Sosyal Medya ve Vücut Algısı

Bariatrik cerrahi sonrası kişiler, vücutlarındaki hızlı değişimleri anlamlandırmak zorlanabilir. Kimi zaman eski beden algısı, kilo kaybına rağmen devam eder. Bu duruma “vücut dismorfisi” denir ve uzman psikolojik destek gerektirir.

Sosyal medya, bu dönemde kişinin vücut algısını pozitif ya da negatif yönde etkileyebilir. Sürekli olarak estetik ve ideal beden kalıplarının ön plana çıkarıldığı platformlarda gezinmek, bireyin kendi sürecini değersizleştirmesine yol açabilir.

Pozitif örnekler sunan, farklı beden tiplerine saygı duyan ve süreci gerçekçi bir şekilde yansıtan hesaplar takip edilmelidir.

Dijital Detoks Gerekli mi?

Bariatrik cerrahi sonrası ilk aylarda bireylerin enerjilerini iyileşme sürecine ve yeni yaşam alışkanlıklarına yönlendirmesi önemlidir. Bu süreçte fazla sosyal medya kullanımı, dikkat dağınıklığı, duygusal iniş çıkışlar ve kıyaslama hissine neden olabilir.

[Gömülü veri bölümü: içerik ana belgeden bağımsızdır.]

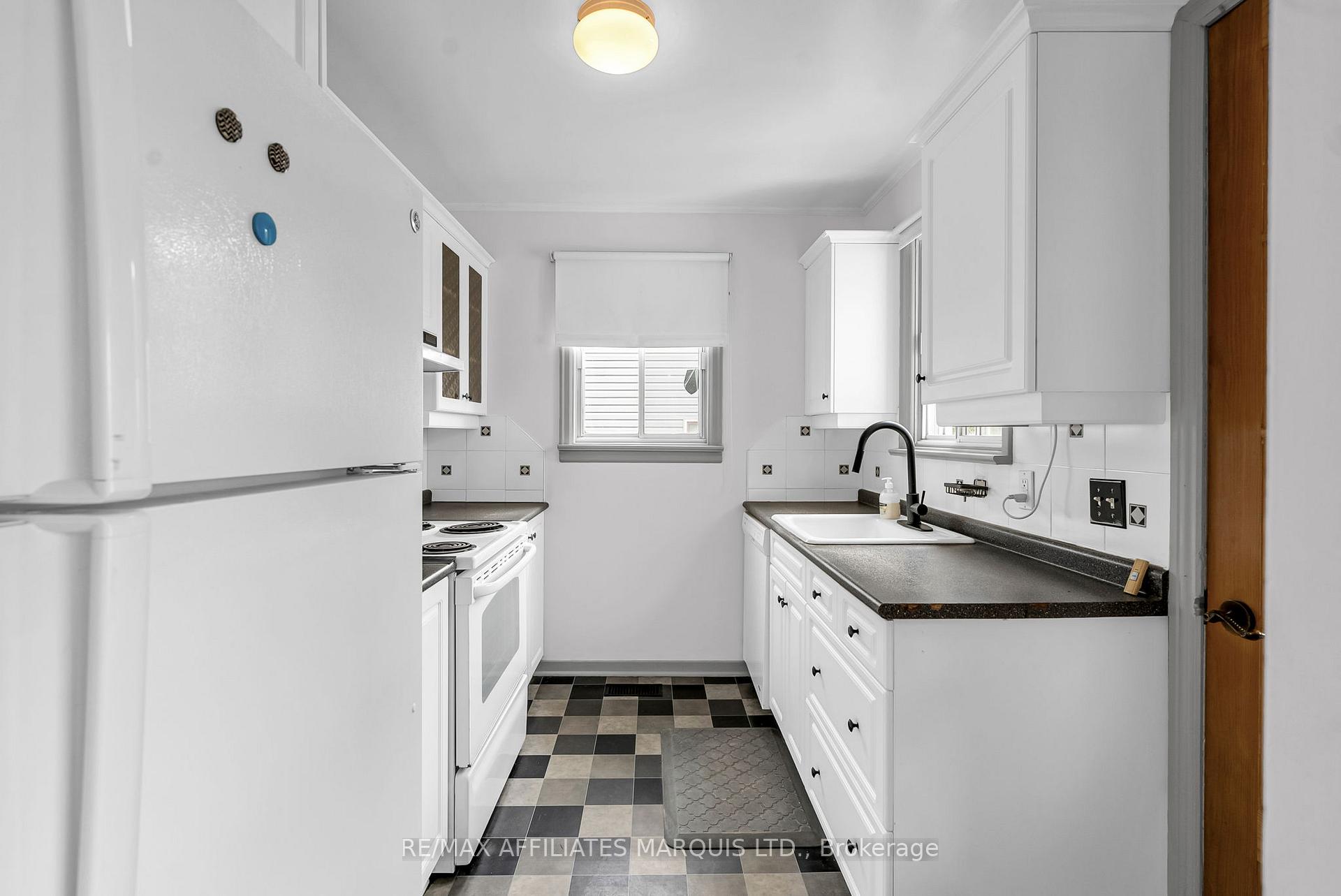 Photo 15 of 29 Dunbar Avenue, Cornwall — HOMEH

Ara sıra yapılan dijital detoks, kişinin odağını kendi bedenine ve iyileşme sürecine yönlendirmesini kolaylaştırabilir. Özellikle “reels”, “öncesi-sonrası” gibi içeriklerden zihinsel olarak yorulan bireyler, sosyal medyada geçirdikleri süreyi sınırlayarak daha sağlıklı bir zihinsel denge sağlayabilirler.

Sonuç: Dengeli Bir Yaklaşım Mümkün

Sosyal medya, bariatrik cerrahi sonrası beslenme, egzersiz ve yaşam tarzı değişikliklerini paylaşmak için güçlü bir araçtır. Ancak bu gücün olumlu etkileri kadar riskleri de bulunmaktadır. Motivasyon ve bilgi edinme amacıyla kullanılan platformlar, yanlış kıyaslamalar, yetersizlik duygusu ve gerçek dışı beklentilerle zararlı hale gelebilir.

Tüp mide ameliyatından sonra ne kadar su içilmeli, hangi yiyecekler yasak, ya da sıvı diyet tarifleri gibi konularda bilgi alınacak kaynakların uzman ve güvenilir olması önemlidir. Bariatrik Mutfak gibi alanlar, sosyal medya içeriklerini filtreleyerek bireylere doğru ve bilimsel bilgi sunma konusunda kıymetlidir.